O ator Morgan Freeman tempos atrás deu uma declaração
inteligente ao ser abordado sobre racismo. Quando perguntado sobre a melhor
forma de confrontá-lo, respondeu sem titubear: “não o mencione”. Ele também
afirmou que considera ridículo o conceito por trás de um “Mês da Consciência
Negra”, pois com sua existência apenas salienta o preconceito. Não existe “Mês
da Consciência Branca” ou um “Mês da Consciência Judaica”, então qual a razão
de resumir toda a importância dos negros na fundação dos Estados Unidos em
apenas um mês?
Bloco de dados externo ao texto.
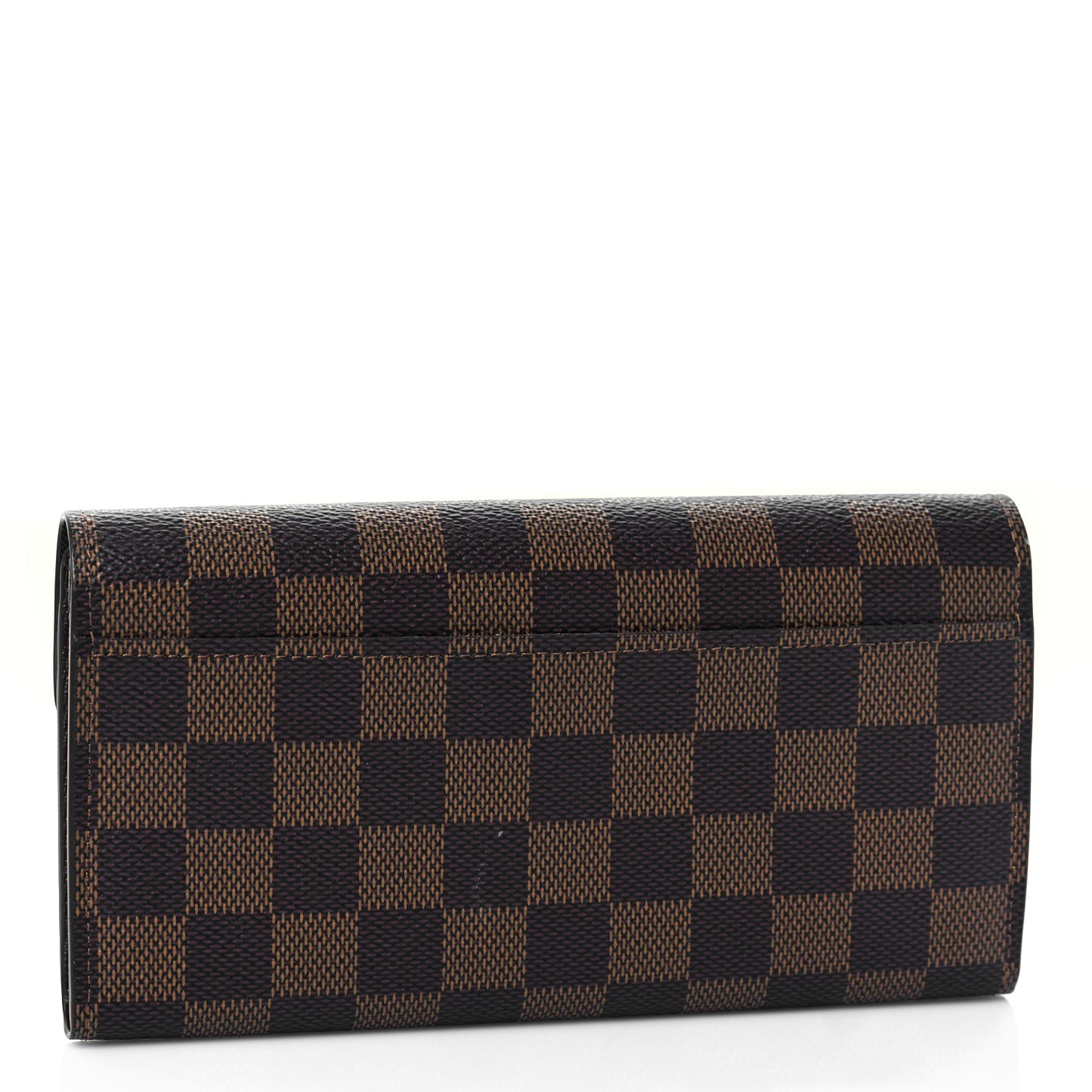 Damier Ebene Sarah Wallet NM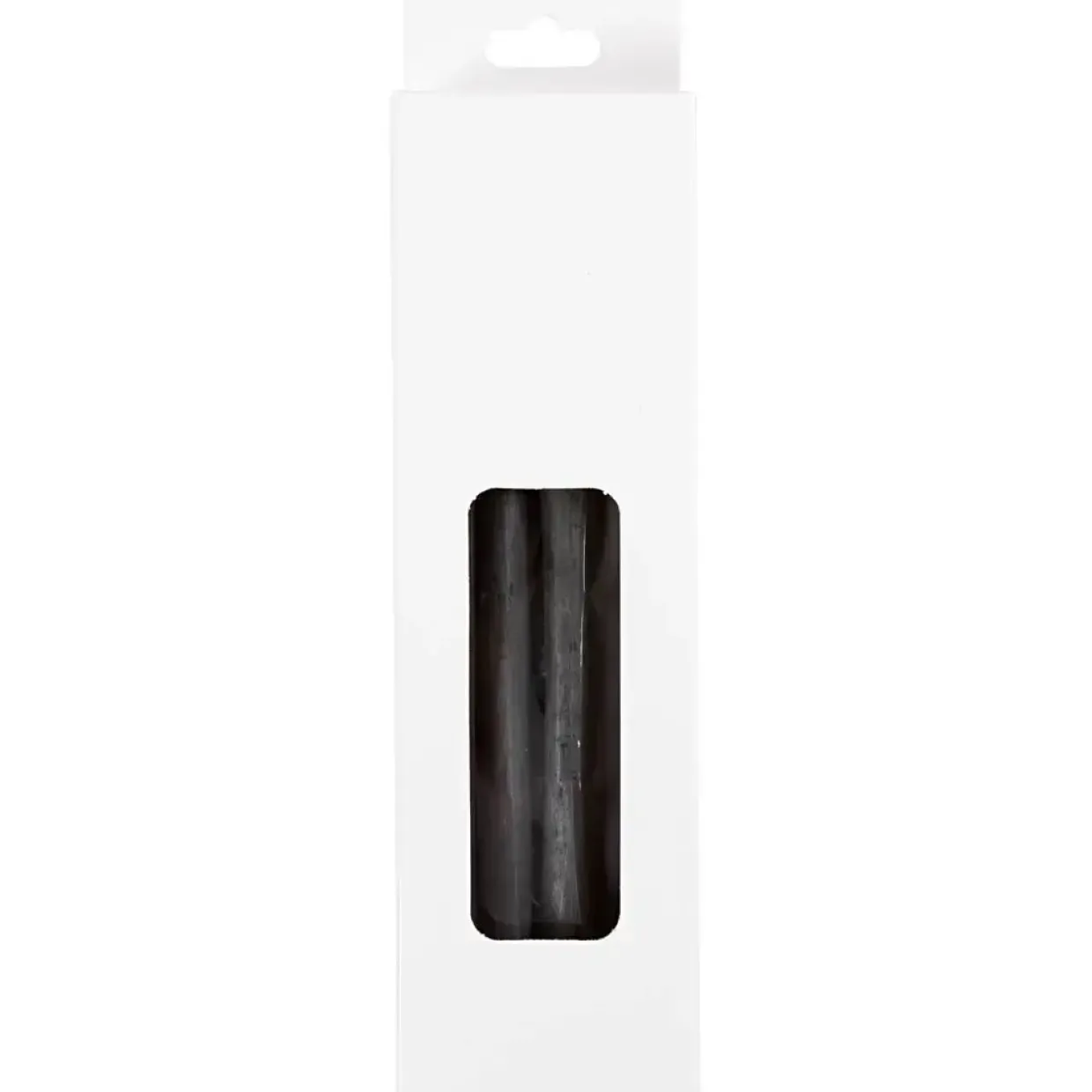 Tegnekul, L: 115 mm, diam. 10 mm, hård, 6 stk./ 1 pk.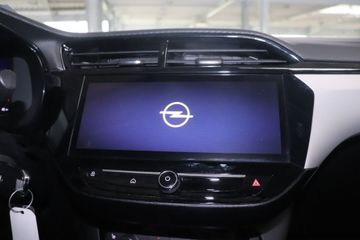 Fotografie des Opel Corsa 1.2 Direct Injection Turbo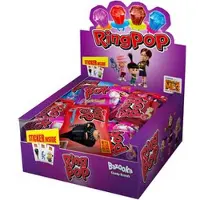 Bazooka Ring Pop 24 stuks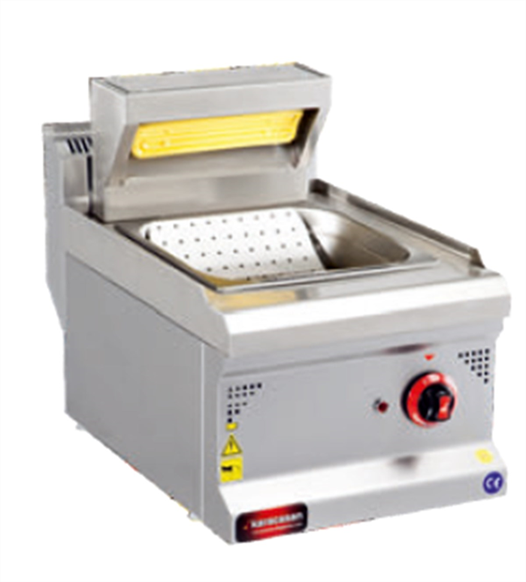 CSA Karacasan  600 Seri Set Üstü Elektrikli Patates Dinlendirme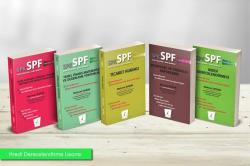 Pelikan Yayınları SPK - SPF Kredi Derecelendirme Lisansı (5 Kitap)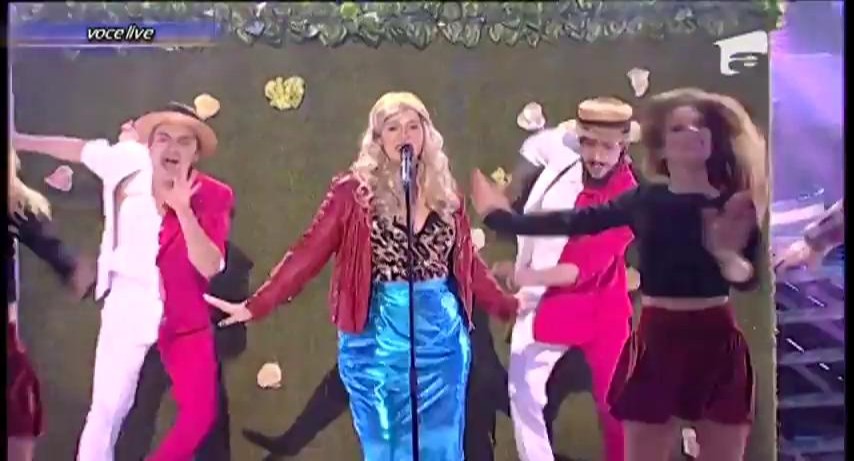 Feli Donose se transformă în Meghan Trainor - "Dear future husband"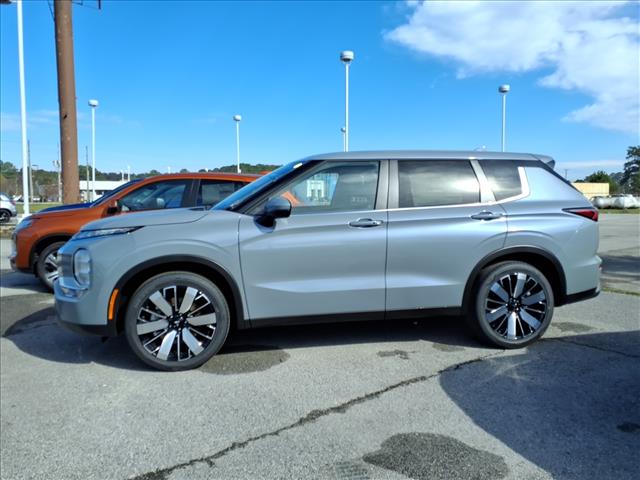 2026 Mitsubishi Outlander SE:1039N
Psicologicamente tendemos a conferir homenagens simbólicas ao
que consideramos diferente, posto que o que consideramos natural, nós
simplesmente absorvemos em nossa rotina.
O “Dia do Índio” e o “Dia Mundial do Orgulho Gay” existem,
ainda que a violência e o desrespeito contra índios e homossexuais continuem
sendo exercidos com a mesma contundência em nossa sociedade. O racismo é um
preconceito que nasce, como todos, da ignorância, tendo como base o discurso de
que negros são diferentes de brancos. Nos restaurantes do sul dos
Estados Unidos, na década de cinquenta, eram separadas as mesas para brancos e
as mesas para negros, banheiros para negros e banheiros para brancos. Quando reforçamos
a equivocada diferença, por meio de datas ou favorecimentos
especiais, posicionamos um tijolo a mais no muro da segregação. A única forma
de acabar com o racismo é eliminar qualquer tipo de hipócrita diferenciação, ou
como Morgan Freeman muito bem opinou, parando de falar no assunto. Infelizmente
este erro muitas vezes é cometido pelos próprios negros, que salientam a
diferença, ao invés de defenderem o fato de que somos todos iguais. Aquele que
veste uma camiseta com dizeres que afirmam algum senso exagerado de orgulho
negro, inconscientemente está agindo ideologicamente de forma tão
extremista, não tão violenta, quanto um neonazista. O racismo foi alimentado
por décadas pela diferenciação, então a única forma de erradicá-lo é alimentar
a igualdade.
Continuando no tema, quando Quentin Tarantino lançou seu faroeste “Django Livre” (Django Unchained), que tem como herói um
escravo negro (vivido por Jamie Foxx), ele foi alvo de diversas
críticas que acusaram o filme de racista. O diretor negro Spike Lee defendeu o
tolo argumento: “não vi, não verei e não gostei”. Lee fez carreira salientando
as diferenças, um tipo de blaxploitation panfletário, enquanto Tarantino
brinca com o senso de igualdade (entre gêneros cinematográficos, principalmente),
resumindo seu projeto a um conto de vingança com referências ao Western
Spaghetti italiano. Em um ponto de vista de extrema liberdade criativa,
fico pensando se, diferente de Tarantino, Lee se preocupa com a erradicação do
racismo, pois não teria mais pelo que lutar/lucrar. Assim como os programas de
televisão vespertinos que se nutrem da violência, que torcem para que o incêndio se
alastre, para que a audiência aumente. Infelizmente esta reação apatetada de
Lee acabou validando outros esforços similares, como os protestos que acabaram
causando a interrupção da fabricação de bonecos com personagens do filme. O
argumento utilizado foi o de que esses bonecos são altamente ofensivos aos
ancestrais dos negros e à comunidade afro-americana. No ponto de vista dos que
reclamaram, os bonecos representariam uma zombaria à escravidão. O real
achincalhamento reside no ato de fingir não ver, desviar o olhar da realidade
para uma ilusória bolha de proteção, cuja camada frágil não resiste sequer à
gota da chuva.
Retirem das prateleiras os bonecos dos negros heróis do
Velho Oeste, infelizmente ainda raros, deixando espaço para os usuais bonecos
de cowboys e super-heróis brancos. Rejeitando a mescla de brancos e
negros, inclusive nas lojas de brinquedo, com a desculpa de que se busca
preservar a história dos negros, os grupos reclamantes parecem demonstrar
preferência pela sustentação da diferença, como se a consequência dela fosse mais interessante para eles que os esforços por se homogeneizarem. O racismo
será uma palavra extinta quando, tanto brancos quanto negros, perceberem que
ela simboliza uma diferença inexistente.